:: Input for this task ::
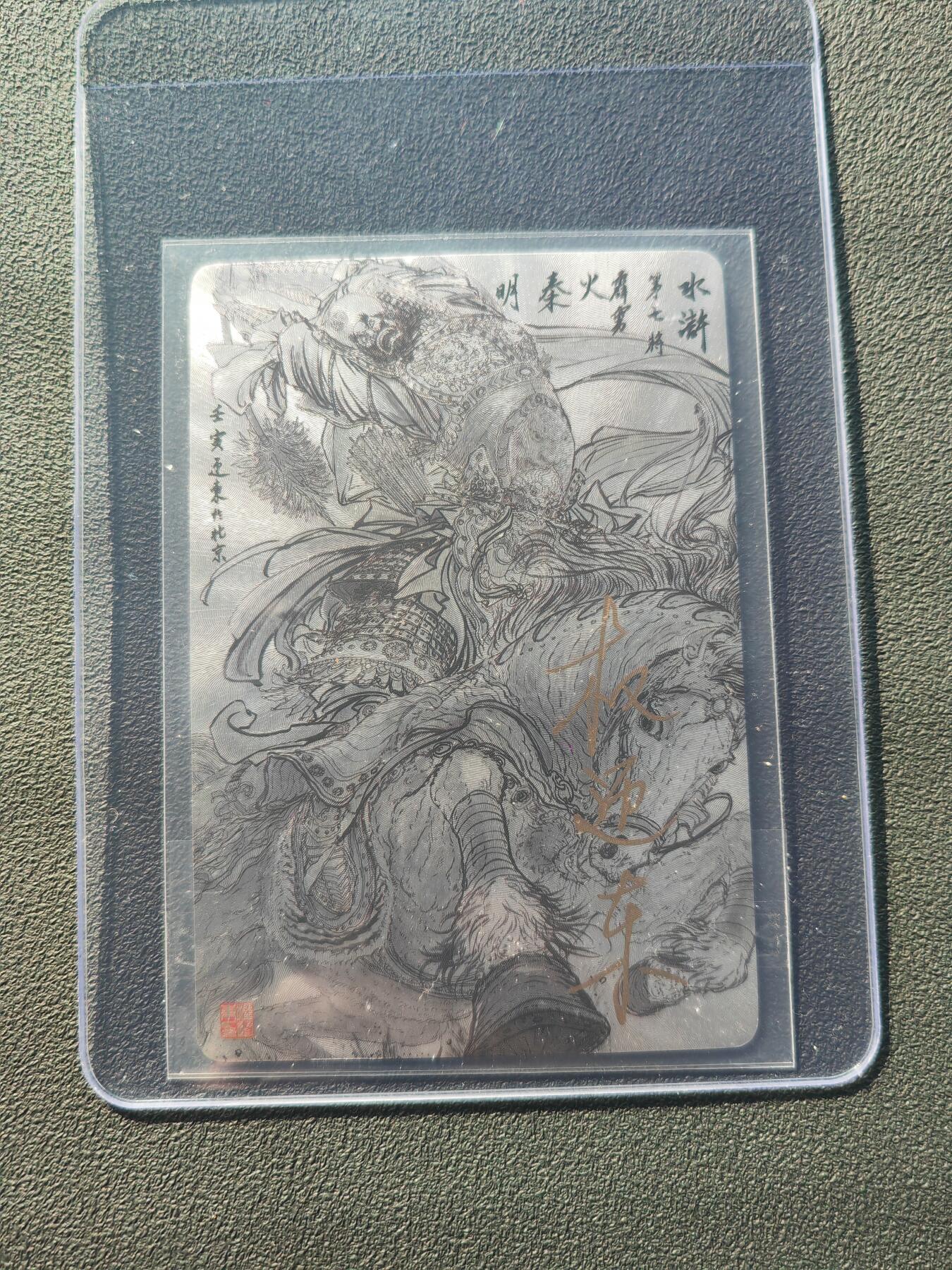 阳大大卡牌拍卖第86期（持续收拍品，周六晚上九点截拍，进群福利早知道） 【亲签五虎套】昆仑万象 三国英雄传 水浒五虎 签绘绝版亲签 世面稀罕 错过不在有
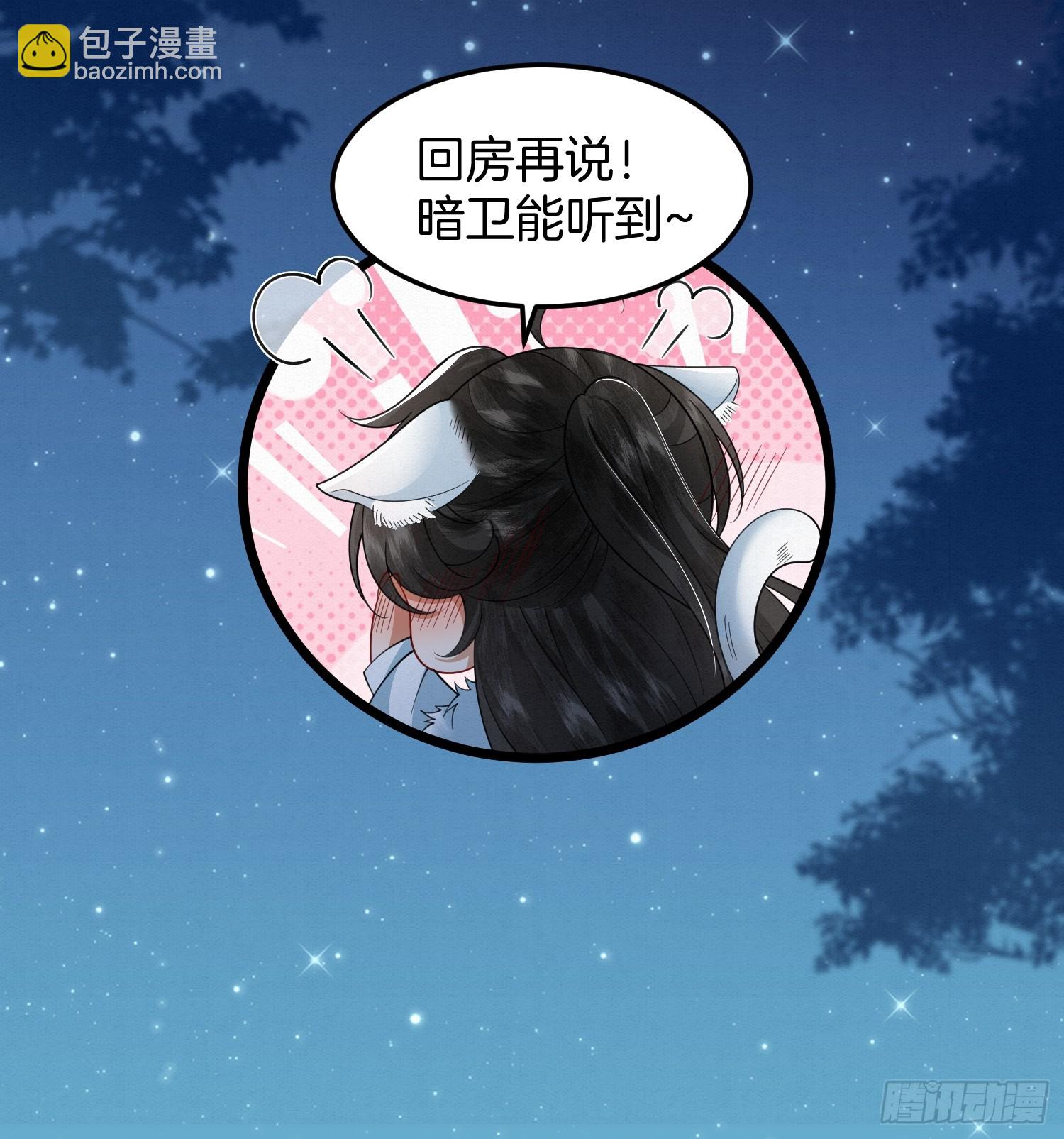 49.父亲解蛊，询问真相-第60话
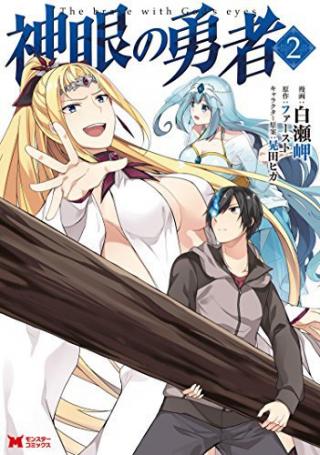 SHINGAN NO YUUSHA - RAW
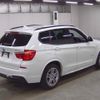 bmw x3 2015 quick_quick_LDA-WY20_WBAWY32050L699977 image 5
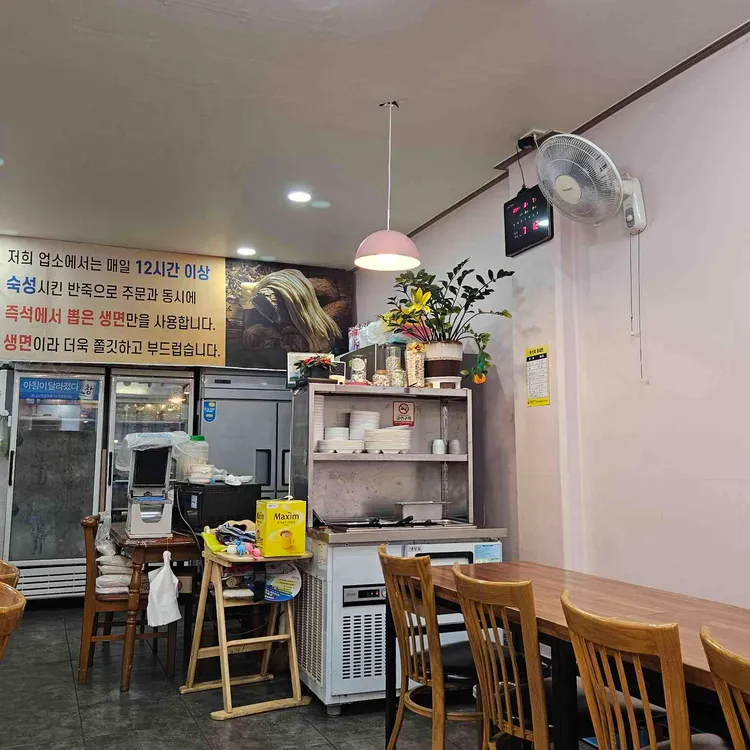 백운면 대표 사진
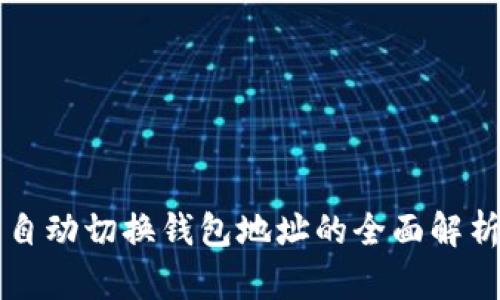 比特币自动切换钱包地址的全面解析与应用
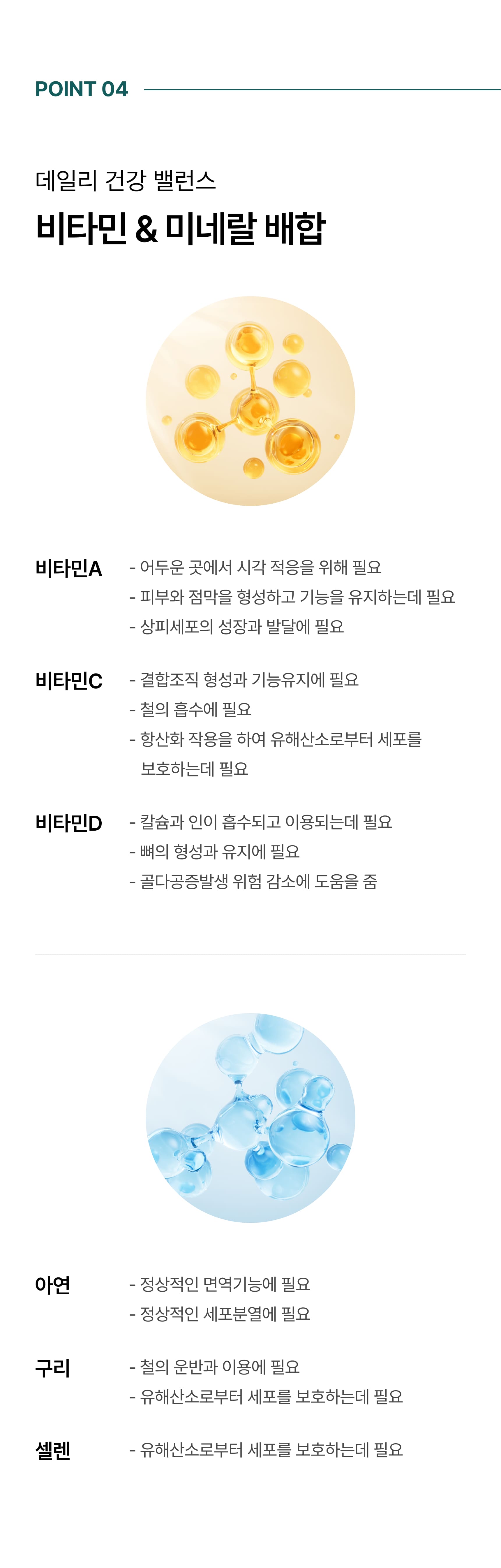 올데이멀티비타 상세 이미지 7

:: Instructions for the task ::
Please transcribe the entries exactly, omitting the images.

:: Result below ::
 阳大大卡牌拍卖第86期（持续收拍品，周六晚上九点截拍，进群福利早知道） 【亲签五虎套】昆仑万象 三国英雄传 水浒五虎 签绘绝版亲签 世面稀罕 错过不在有
 49.父亲解蛊，询问真相-第60话
 SHINGAN NO YUUSHA - RAW
 bmw x3 2015 quick_quick_LDA-WY20_WBAWY32050L699977 image 5
 백운면 대표 사진
 比特币自动切换钱包地址的全面解析与应用
 올데이멀티비타 상세 이미지 7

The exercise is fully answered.